Bons baisers de Bastogne, un message derrière l’image
13
Oct
2016
Par Pascale Ghislain 13 octobre 2016 Catégories 2ème Guerre mondiale commentaire
L’« Embracing Peace», c’est un bronze peint de 8 m de hauteur conçu par l’artiste américain Seward Johnson. Il se dresse aujourd’hui devant le Bastogne War Museum.
Ce couple monumental de 13 tonnes est prêté par la Johnson Atelier Technical Institute of Sculpture, une fonderie installée dans le New Jersey. Cet atelier permet à l’artiste de produire ses propres œuvres mais aussi celles de jeunes sculpteurs. Côté promotion, dans un grand parc verdoyant, le Grounds for Sculpture à Hamilton, Seward Johnson présente ses propres sculptures comme celles d’autres créateurs qu’il soutient.
Rendez-vous à Bastogne
De nombreuses raisons nous attirent vers Bastogne : des boutiques, des musées (voir notre article de présentation des musées de guerre, ici!), des restaurants, et depuis le 6 octobre 2016, une sculpture monumentale installée devant les Bastogne War Museum. Nous sommes partis à sa découverte.

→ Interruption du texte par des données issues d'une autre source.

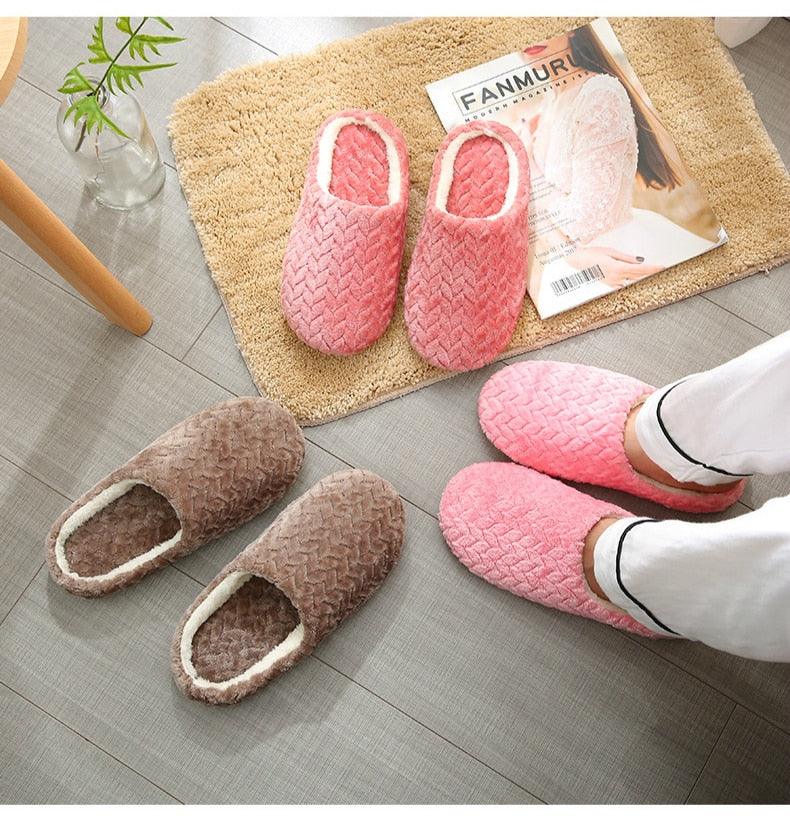 Women’s Plush Indoor Slippers: Cozy Modern Fleece Slides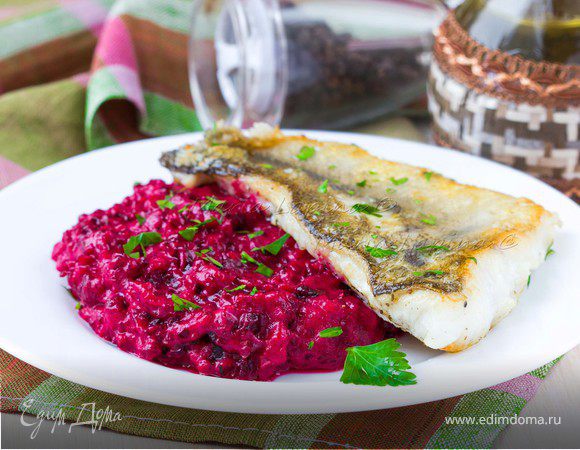 Судак с пюре из картофеля и свеклы Судак с пюре из картофеля и свеклы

Cette installation est le premier épisode d’une campagne d’événements exceptionnels qui unit les grands sites-témoins de la Seconde Guerre mondiale. Le 10 décembre, la Ville et le Bastogne War Museum vous donne rendez-vous avec les acteurs de Band of Brothers! Ces acteurs viennent à Bastogne pour la première fois à l’occasion du 15ème anniversaire de la sortie de cette série connue dans le monde entier ! Cliquez ici pour découvrir le monument qui leur est dédié.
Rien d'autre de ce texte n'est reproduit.